The Hossam Journey

When you just can't do it

My academic career is nothing but great. I was almost always a top student, not the best but definitely among the best. My senior year in high school was when my 97% in my exams confirmed that for everyone, even if it wasn't for me. I will write another time about how people's opinion was my prison for many years, but not this time.

I got a scholarship to a European country and my performance was a bit shaky in the first semester (still A student) but the following 5 semesters was nothing but a great learning experience where I was comfortably getting perfect grades. so what happened in the last semester you ask, a dagger to my confidence. I lost my honorary certificate because of a miscommunication between my supervisor and the thesis's committee and even now I still remember how devastated I was and how badly I handled it (I will write about later as well).

But until now, I am in a great shape, on paper, I am still an A student with a great record. A great record is useful not just for my confidence or ego but also it opens a various opportunities for me.

So what happened?

Well, I applied for Masters in the best technical university in the EU and I got accepted. I applied because I want to chase knowledge and to see what is it like to have a very high quality education. First semester was a disaster, not because of academics alone but also because I couldn't join the university physically due to Visa issues that took a real toll on my mental health, not only because it was a devastated issue but also because I apparently can't take a step back and handle issues in a wise way, rather I was just in a rush, going insane over an issue which I could "easily" went through.

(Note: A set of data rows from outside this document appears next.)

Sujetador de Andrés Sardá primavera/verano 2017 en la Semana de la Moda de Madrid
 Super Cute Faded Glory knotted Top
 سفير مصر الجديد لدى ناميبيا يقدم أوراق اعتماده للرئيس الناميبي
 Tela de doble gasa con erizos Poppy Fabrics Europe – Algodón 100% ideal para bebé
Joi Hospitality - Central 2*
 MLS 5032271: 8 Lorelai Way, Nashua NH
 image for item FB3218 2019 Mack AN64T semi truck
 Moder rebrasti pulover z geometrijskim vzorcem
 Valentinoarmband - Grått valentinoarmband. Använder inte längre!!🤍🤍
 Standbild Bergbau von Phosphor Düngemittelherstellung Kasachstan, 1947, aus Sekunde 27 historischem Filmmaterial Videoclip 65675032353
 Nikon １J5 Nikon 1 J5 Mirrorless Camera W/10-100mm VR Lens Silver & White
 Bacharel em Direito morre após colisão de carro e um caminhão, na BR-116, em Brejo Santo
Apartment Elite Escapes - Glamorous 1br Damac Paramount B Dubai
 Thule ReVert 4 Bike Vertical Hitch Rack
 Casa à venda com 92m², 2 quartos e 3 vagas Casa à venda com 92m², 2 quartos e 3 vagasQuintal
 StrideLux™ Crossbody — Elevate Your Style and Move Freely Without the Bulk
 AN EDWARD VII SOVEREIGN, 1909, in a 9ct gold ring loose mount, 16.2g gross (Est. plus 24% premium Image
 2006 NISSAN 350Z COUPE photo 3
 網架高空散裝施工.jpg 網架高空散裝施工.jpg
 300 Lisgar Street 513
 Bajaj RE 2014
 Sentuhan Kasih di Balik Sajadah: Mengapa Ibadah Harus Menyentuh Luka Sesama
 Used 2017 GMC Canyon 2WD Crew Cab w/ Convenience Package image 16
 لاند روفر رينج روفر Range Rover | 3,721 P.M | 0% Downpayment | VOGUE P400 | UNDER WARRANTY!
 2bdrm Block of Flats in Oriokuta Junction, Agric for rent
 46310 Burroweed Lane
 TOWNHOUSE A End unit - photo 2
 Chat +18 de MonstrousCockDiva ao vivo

I could barely work and barely study and this has been going on for two years now. I met the credit limits barely for the last two semesters but this semester is the most challenging, I have 6 subjects and I need to pass 5 not to get expelled. The exams are in 54 days. I don't know if I can do it, I have been not studying even though I should definitely be very prepared. I have some mental blocks and they are:

I love my field honestly, I love the feeling of learning something new, I hate the feeling of not understanding it fully though, but I am trying to accept that, because similar to a lot of stuff you just have to trust that you will understand it later or that obsessing over it will likely result in never learning it.

So can I do it?

Of course I can, because I don't trust myself here, I trust Allah. I will study with trust that my results will be successful, and that I will be able to regain control over my life and career. The last 2 years taught me that running away is the perfect way not to live your life and I really want to live it.